* [TO DO] In your copy, leave out the pictures and reproduce the listing below exactly.

* [RECORDED INFORMATION]
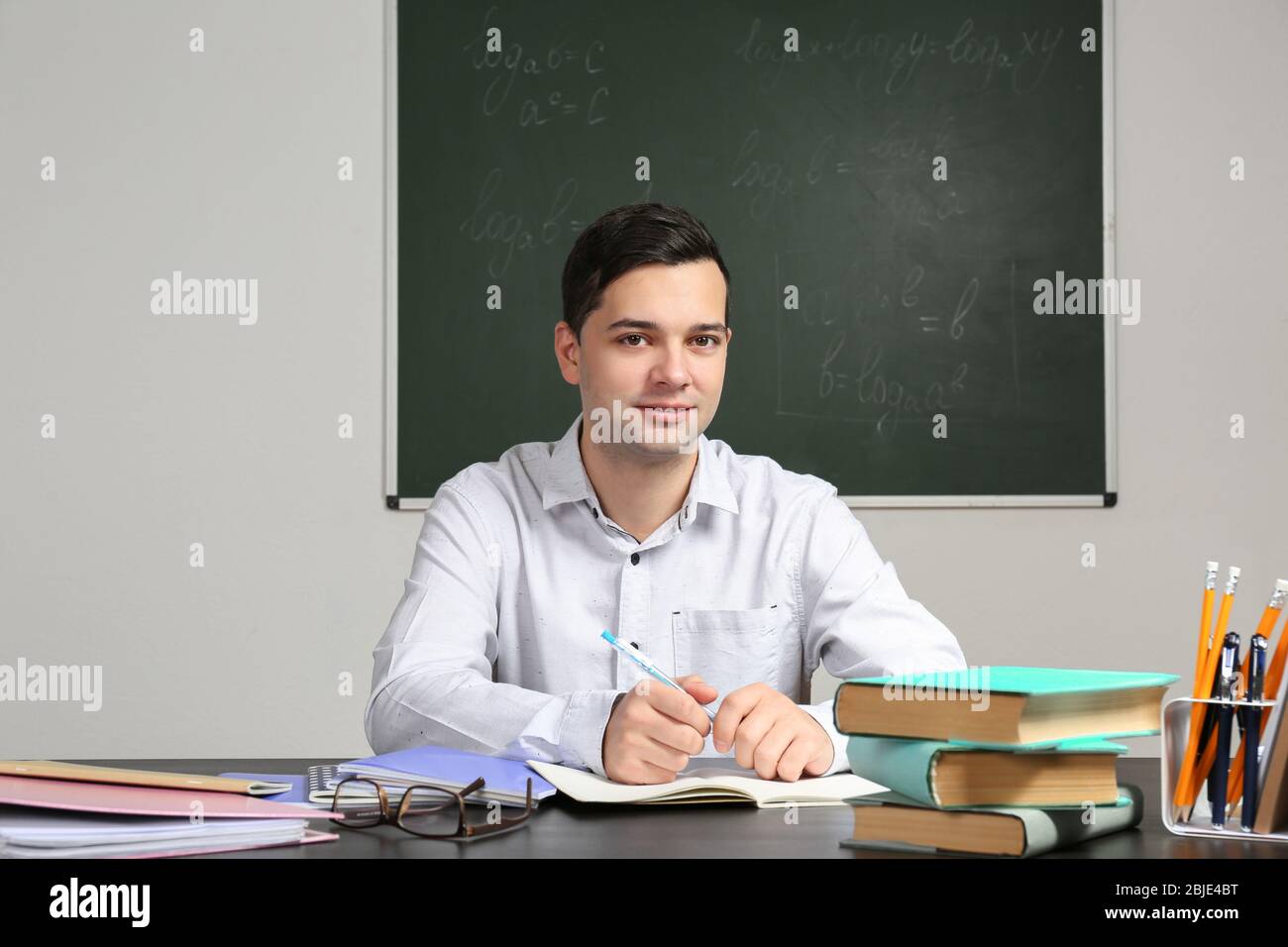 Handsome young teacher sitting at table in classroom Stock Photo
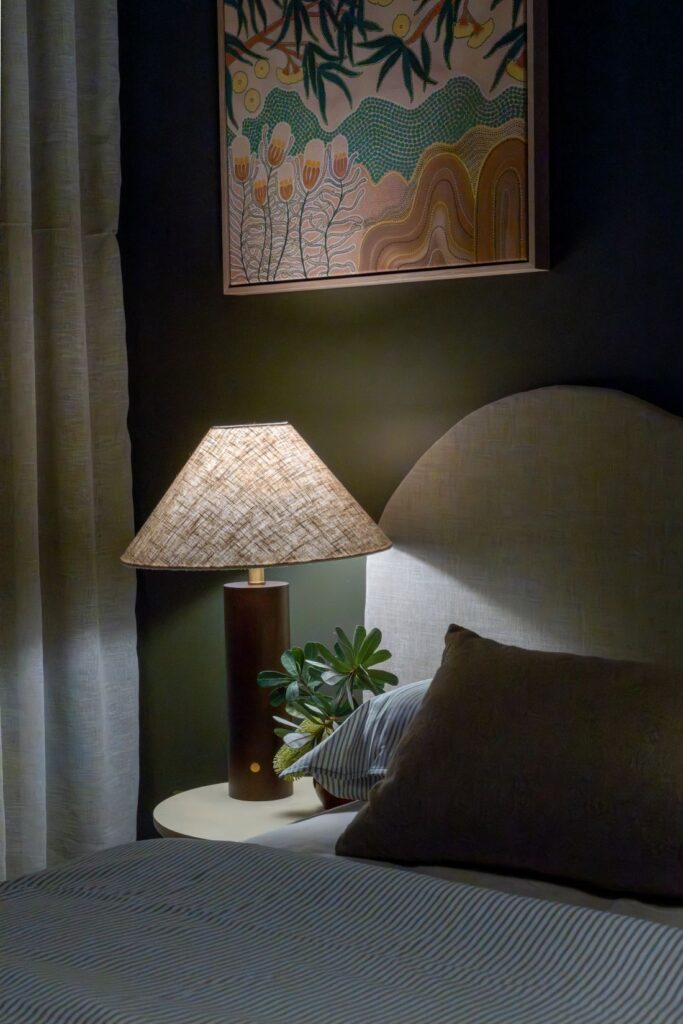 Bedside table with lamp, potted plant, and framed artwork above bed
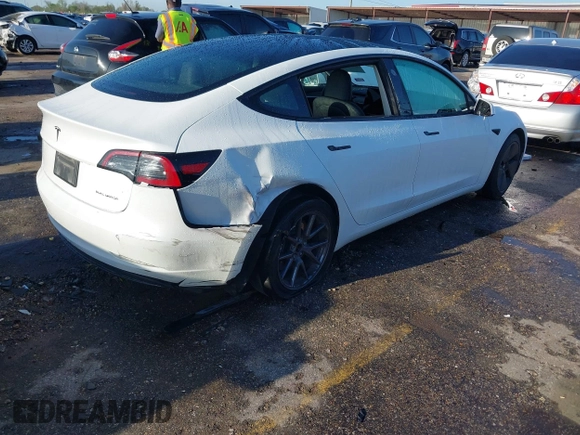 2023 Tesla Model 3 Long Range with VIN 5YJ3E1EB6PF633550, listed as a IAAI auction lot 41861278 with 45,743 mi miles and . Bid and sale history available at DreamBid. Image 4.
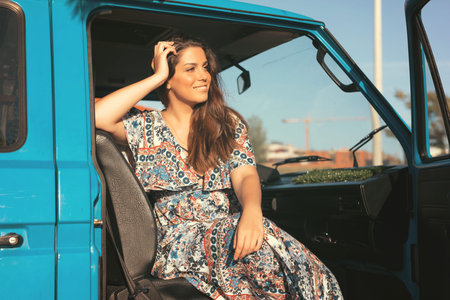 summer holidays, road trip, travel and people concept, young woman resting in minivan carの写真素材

* [RESPONSE AREA]
 Handsome young teacher sitting at table in classroom Stock Photo
 Bedside table with lamp, potted plant, and framed artwork above bed
 2023 Tesla Model 3 Long Range with VIN 5YJ3E1EB6PF633550, listed as a IAAI auction lot 41861278 with 45,743 mi miles and . Bid and sale history available at DreamBid. Image 4.
 summer holidays, road trip, travel and people concept, young woman resting in minivan carの写真素材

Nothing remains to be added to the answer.